The next Federal economic intervention requires the highest quality analysis, deliberation, and negotiation in a cultural milieu that makes all of that incredibly difficult. Still, our predecessors worked through much worse situations with far fewer resources: less data, less technology, less political freedom, and less capital. Looking back many years from now, History may forget the details of our current schisms, but will be quick to judge whether we were able to overcome them.


1. US Department of Treasury, “The CARES Act Works for All Americans”

2. Johns Hopkins University

3. US Department of Labor

4. Normally, unemployment benefits vary from state to state, with each state having its own rules for eligibility and providing vastly different amounts. In addition to those normal benefits, the CARES Act has provided $600/week from the Federal government for unemployed people and broadened the definition of eligible workers to include contract workers and self-employed.

5. The Payroll Protection Program loans funds to small businesses (generally under 500 employees) with the idea that at least 75% of the loan would be used to maintain previous levels of personnel over the eight weeks starting with the date of the loan. Generally speaking, companies that were able to maintain personnel would be rewarded by having the loan convert to a grant. While the program’s time horizon was extended and use of funds were modified to give more flexibility, the amount of loans was not increased. Thus, the duration of the PPP program ends up being much shorter than the duration of the crisis many employers (and their employees) face. It also is important to note that there continues to be high uncertainty around the terms of having loans forgiven (i.e., turned into grants). That uncertainty, in turn, has dissuaded many from applying and caused others to give back loans they already received. In addition, because PPP loans were administered through the commercial banking sector, banks had tremendous leeway in determining who should benefit from PPP and to what degree. Unbanked businesses were largely left out of this intervention.

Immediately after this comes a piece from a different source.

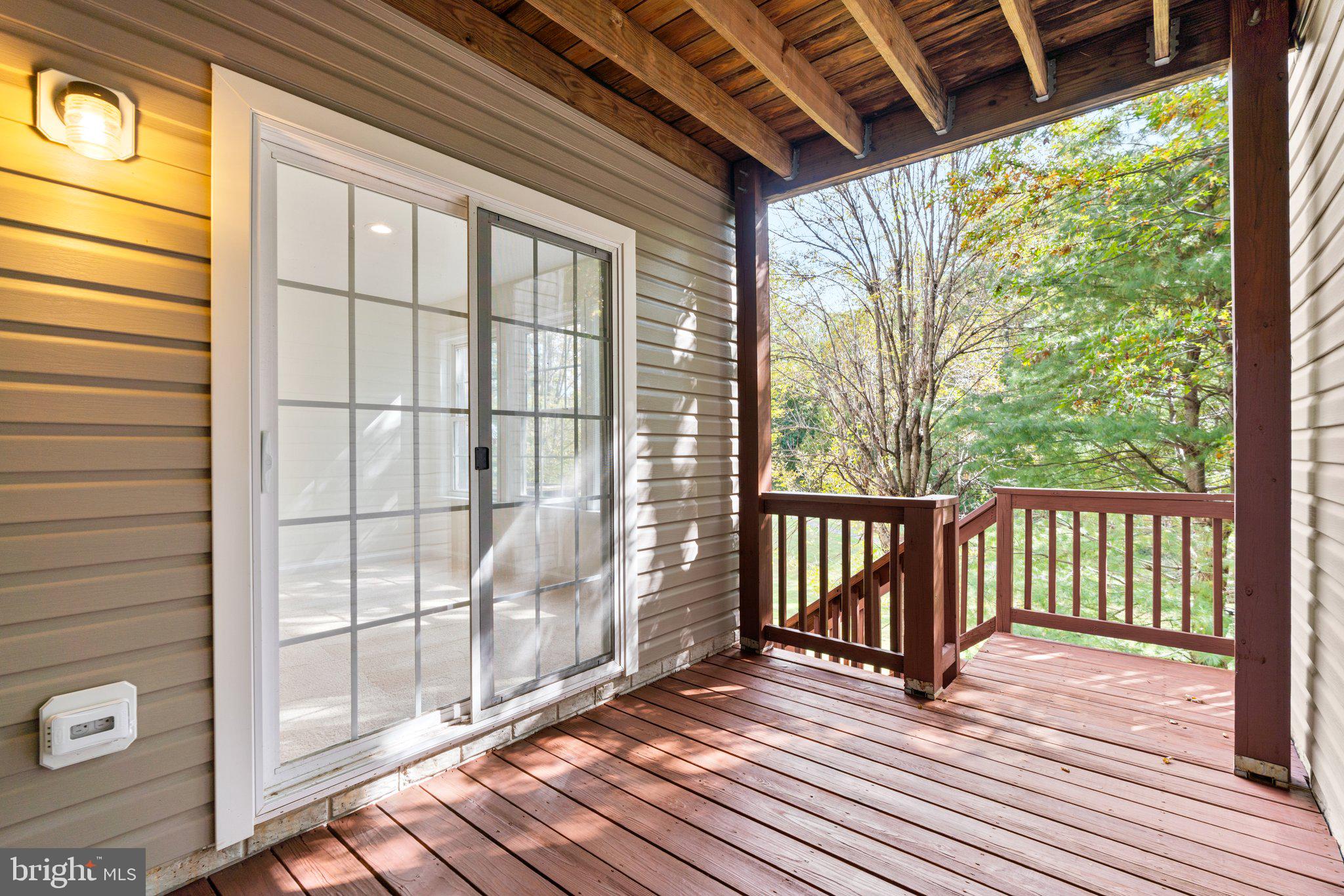 CHERRYTREE PARK - Residential Lease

6. US Bureau of Economic Analysis

7. US Bureau of Economic Analysis

8. While many people erroneously call any government intervention “Keynesian” in nature, John Maynard Keynes expressly distinguished between government spending that created a multiplier versus such spending that was not additive to the economy. See John Maynard Keynes, “The General Theory of Employment, Interest and Money.” (1936)

9. Wall Street Journal, “Coronavirus Stimulus: How the Republican and Democratic Plans Compare,” July 28, 2020    

10. The ratio of our total Federal debt outstanding (including interdepartmental) to our total Gross Domestic Product, which is an estimated calculation of total economic activity.